From 4faa508c0a62cd661487bd4651f56e2211abb4ef Mon Sep 17 00:00:00 2001
From: chris-colinsky <chris@lunarcommand.xyz>
Date: Tue, 9 Jun 2026 17:59:47 -0700
Subject: [PATCH 2/7] Migrate LLM-event docs to typed-event-first
MIME-Version: 1.0
Content-Type: text/plain; charset=UTF-8
Content-Transfer-Encoding: 8bit

Three docs still pushed the legacy sentinel-namespace pattern as
the primary path for custom observers consuming LLM events and
custom providers emitting them. After v0.13.0 the bundled provider
emits typed LlmCompletionEvent / LlmFailedEvent variants directly;
the bundled OTel + Langfuse observers consume via isinstance
discrimination.

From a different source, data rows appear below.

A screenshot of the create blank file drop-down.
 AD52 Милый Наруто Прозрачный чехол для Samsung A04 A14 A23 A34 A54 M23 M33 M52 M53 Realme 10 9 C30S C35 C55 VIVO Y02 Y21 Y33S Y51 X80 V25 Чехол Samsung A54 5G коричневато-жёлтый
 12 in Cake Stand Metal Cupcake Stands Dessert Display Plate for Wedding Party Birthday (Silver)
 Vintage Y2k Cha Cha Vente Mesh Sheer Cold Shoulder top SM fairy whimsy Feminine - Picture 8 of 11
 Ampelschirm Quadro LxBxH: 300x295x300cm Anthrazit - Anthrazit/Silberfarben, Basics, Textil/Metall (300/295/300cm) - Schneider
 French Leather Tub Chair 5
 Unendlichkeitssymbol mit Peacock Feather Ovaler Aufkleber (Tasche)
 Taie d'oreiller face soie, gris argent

Rewrites:

- docs/concepts/observability.md: "Publishing LLM events for
  custom observers" → "Consuming LLM events in custom observers".
  Typed-event consumption shown as primary (isinstance branch on
  LlmCompletionEvent + LlmFailedEvent with the mutual-exclusion +
  field-set notes). Sentinel pattern demoted to a "Legacy
  sentinel-namespace pattern (compatibility surface)" subsection
  for downstream code interoperating with custom providers that
  haven't migrated.
- docs/model-providers/authoring.md: custom-provider emission
  sketch rewritten — dispatch LlmCompletionEvent on success,
  LlmFailedEvent alongside the §7 exception on failure. Shows the
  current-attempt-index / current-fan-out-index / etc. scoping
  fields the typed events carry. Calls out the mutual-exclusion
  + exception-flow-preservation contracts. Legacy sentinel pattern
  retained as a compatibility-surface callout for older providers.
- docs/agent/non-obvious-shapes.md: "filter openarmature.*-
  namespaced events" tip drops the openarmature.llm.complete
  example (v0.13.0 retired the sentinel pattern for LLM events);
  checkpoint sentinels stay since the tip is still applicable for
  those. Adjusted the follow-on paragraph mentioning LLM events.

mkdocs strict build clean.
---
 docs/agent/non-obvious-shapes.md  |   4 +-
 docs/concepts/observability.md    |  71 ++++++++++---
 docs/model-providers/authoring.md | 171 ++++++++++++++++++++----------
 3 files changed, 174 insertions(+), 72 deletions(-)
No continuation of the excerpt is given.